Mohammad suchte in der Region und weit darüber hinaus nach Handwerkern, die noch über das Wissen um die alten Methoden und Fähigkeiten verfügten, um das Haus in seinen ursprünglichen Zustand zu versetzen. Die Handwerker kamen aus Dörfern und Städten in der Nähe von Toudeshk-Cho, aus Isfahan und Yazd. Mohammad richtete eine Küche und Schlafräume ein, denn die mühsame Arbeit dauerte wochenlang an.

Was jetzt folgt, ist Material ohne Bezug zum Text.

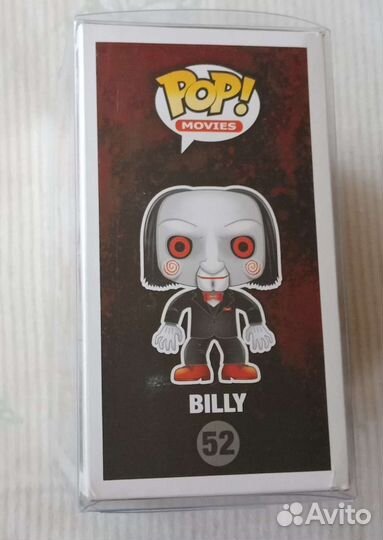Funko pop Billy(Saw)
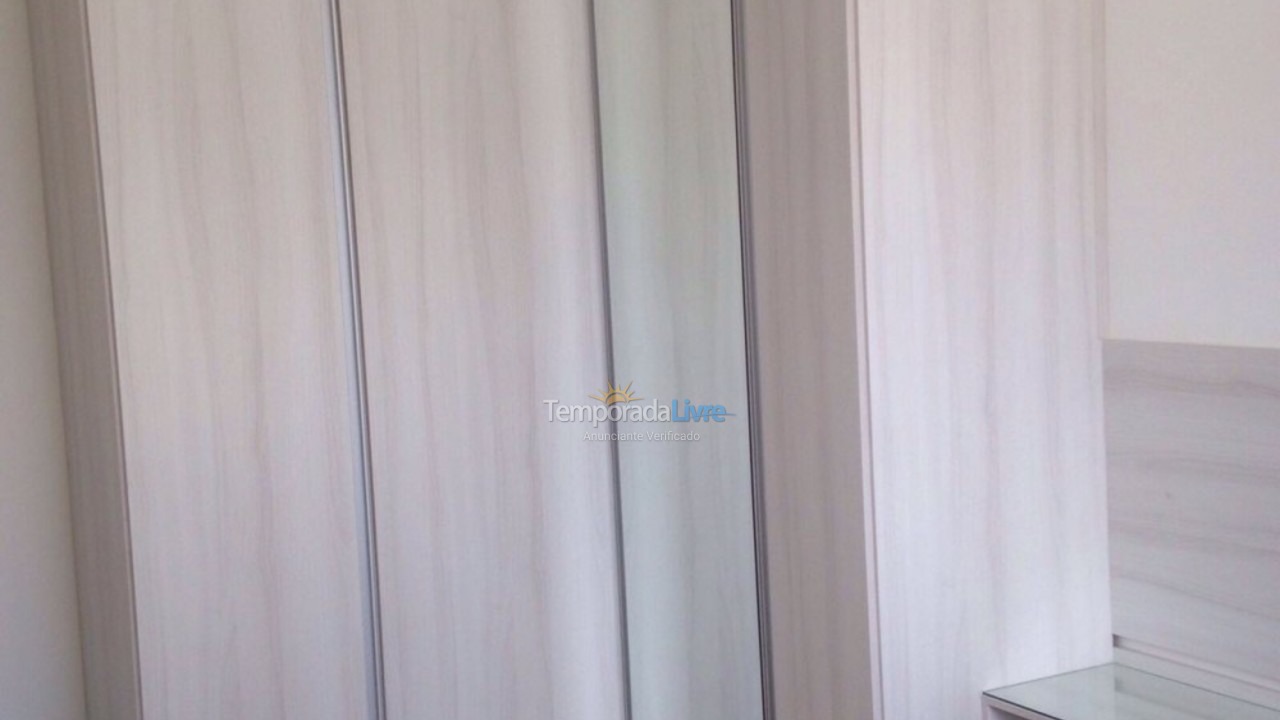 Apartment for vacation rental in Florianópolis (Cachoeira do Bom Jesus)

Die Restaurierung dauerte drei Jahre. Mohammad arbeitete mit großer Hingabe, geleitet von dem Perfektionismus, den er von seinem Vater gelernt hatte, und dem warmen Herzen seiner Mutter, und erwarb sich damit den Stolz seines Vaters und die Freude seiner Mutter.
Dieses Buch ist eine Hommage an Mohammad Jalalis Neugier, seinen Unternehmergeist und seine kulturelle Vision, mit der er das historische, traditionelle Lehmhaus TAK TAKU GUEST HOUSE geschaffen hat.